By: Sean Halverson, AIM Student at Marquette University



Disclosure: The AIM Equity Fund currently holds this position. This article was written by myself, and it expresses my own opinions. I am not receiving compensation for it and I have no business relationship with any company whose stock is mentioned in this article.

Summary:

Standex International Corp. (NYSE: SXI) operates as a manufacturer of a variety of products and services for diverse commercial and industrial markets.
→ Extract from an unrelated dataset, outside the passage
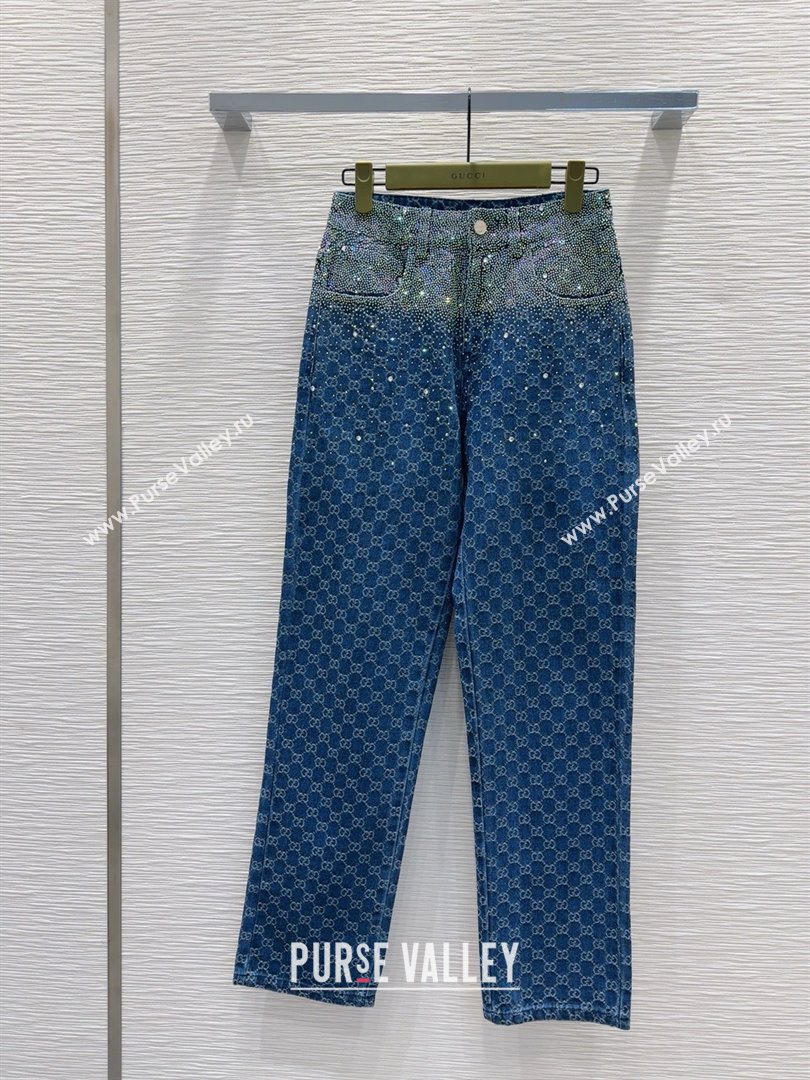 Gucci GG Jeans with Crystals G031105 Blue 2025 (Q-25031105)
The majority (68.3%) of their revenues come from the United States.

• SXI has announced their decision to sell off their Cooking Solutions business in spite of declining sales and to reposition the company.
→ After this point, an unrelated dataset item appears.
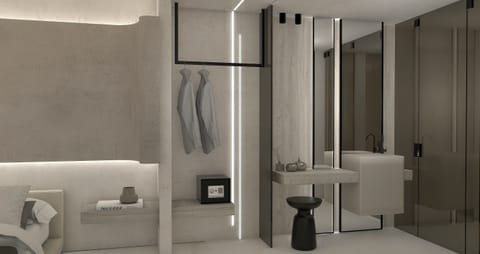 Deluxe Suite, 2 Bedrooms, Sauna | Bathroom | Shower, rainfall showerhead, hair dryer, slippers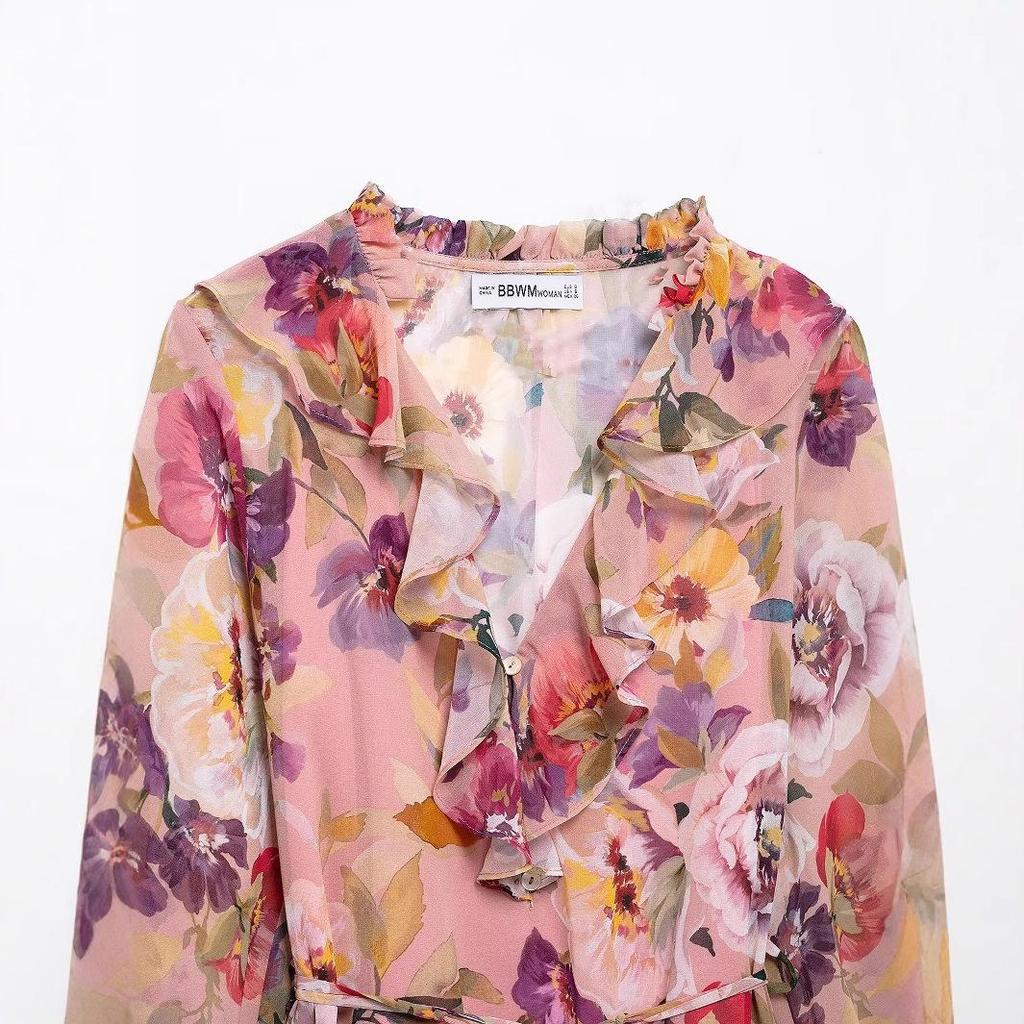 Women's European & American Style Floral Print Layered Mini Dress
• At the quarter to date, the stock price for SXI has experienced a 29.49% decrease which has caused serious questioning of the company.

• The stock struggled through the end of October because of concerns surrounding a potential slowing of first quarter fiscal 2019 sales in Electronics, the company’s fastest growing segment. 

• Tariffs have beaten down the Hydraulics business which has put serious pricing pressures on certain areas of the segment.

Key points

In February of 2019, Standex International Corp. is going to be selling off their Cooking Solutions business in addition to acquiring two new companies, Agile Magnetics and Tenibac-Graphion. This is a movement by management to further develop their Engraving and Electronics segment. A driver behind the “modest” organic sales growth (2.4%) for Engraving was because of a low profitable plant in Virginia. The company has recently sold off the plant which declined sales for the segment, but was seen as a strategic choice to better the company in the long run.

As tariffs rise with imports from China, Standex International Corp. is going to see even more struggles with trying to generate positive sales growth within their Hydraulics segment. The reason being that almost half of the cylinders they are importing are from China. The segment accounts for only 5.5% of total revenues for SXI; however, the segment will continue to be a drag on the company if tariffs remain unchanged.

There are expectations that SXI is planning to repurchase $100 million of the shares outstanding. Additionally, SXI has dedicated resources to making sure their shareholders are content; for example, they have paid consecutive quarterly dividends since 1964. Management believes that holding onto their shareholders is more important than canceling the dividend to drive stronger growth.

What has the stock done lately?

Since the acquisitions of both Agile Magnetics and Tenibac-Graphion, the stock has still not experienced positive growth. At October 26, 2018 the stock price was at a healthy $96.55. After earnings were released, the stock has violently dropped to new a low for the year. It has continued to decrease with no significant positive growth.

Past Year Performance:

SXI has seen ~15% increase in sales and ~30% increase in EBIT between June of 2017 and June of 2018. However, net income has decreased ~21% and its after-tax Return on Assets has declined from 5.98% to 4.11%. 

Source: FactSet

My Takeaway:

Although Standex International Corp. has seen sales growth from the end of 2017 and two new acquisitions to the company, it has not been representative in the value of the stock. The company appears to be creating value by divesting off slower pieces of its operations but the shareholder has suffered regardless of improvements to company’s business model. Even with hopeful expectations in 2019 with their Electronics segment, the stock has been a nightmare. With regards to Relative Returns (9mos) to the Russell 2000, SXI has underperformed at a frightening -19.06%. It is time to reconsider if the company is actually creating value for its business.